■ **WHAT THIS TASK INVOLVES**: Output every line below exactly, please, omitting pictures.

═════ GIVEN MATERIAL ═════

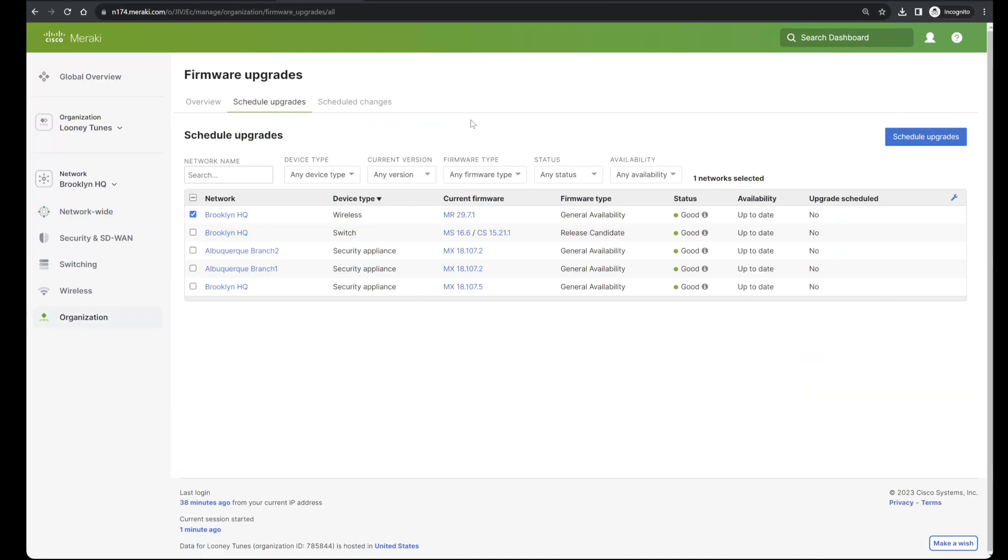Now remember that with Meraki, one great convenience is that the firmware version is tied to the network, not the individual devices. The devices themselves simply become instances of the configuration and firmware that you have configured at the network-wide level.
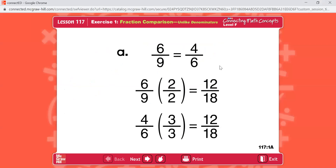Problem A reads 6 ninths and 4 sixths. The lowest common denominator for ninths and sixths is eighteenths. Rewrite both fractions, then complete the original statement. Pause the video now to work the problem. Here's what you should have.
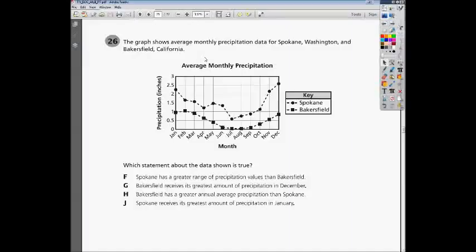This is the Algebra 2 EOC practice test, question number 26. It reads: the graph shows average monthly precipitation data for Spokane, Washington, and Bakersfield, California. We've got a graphic here, and the question is: which statement about the data shown is true? So let's take a look at our choices.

═════

■ **EXERCISE ANSWER**:
Now remember that with Meraki, one great convenience is that the firmware version is tied to the network, not the individual devices. The devices themselves simply become instances of the configuration and firmware that you have configured at the network-wide level.
Problem A reads 6 ninths and 4 sixths. The lowest common denominator for ninths and sixths is eighteenths. Rewrite both fractions, then complete the original statement. Pause the video now to work the problem. Here's what you should have.
This is the Algebra 2 EOC practice test, question number 26. It reads: the graph shows average monthly precipitation data for Spokane, Washington, and Bakersfield, California. We've got a graphic here, and the question is: which statement about the data shown is true? So let's take a look at our choices.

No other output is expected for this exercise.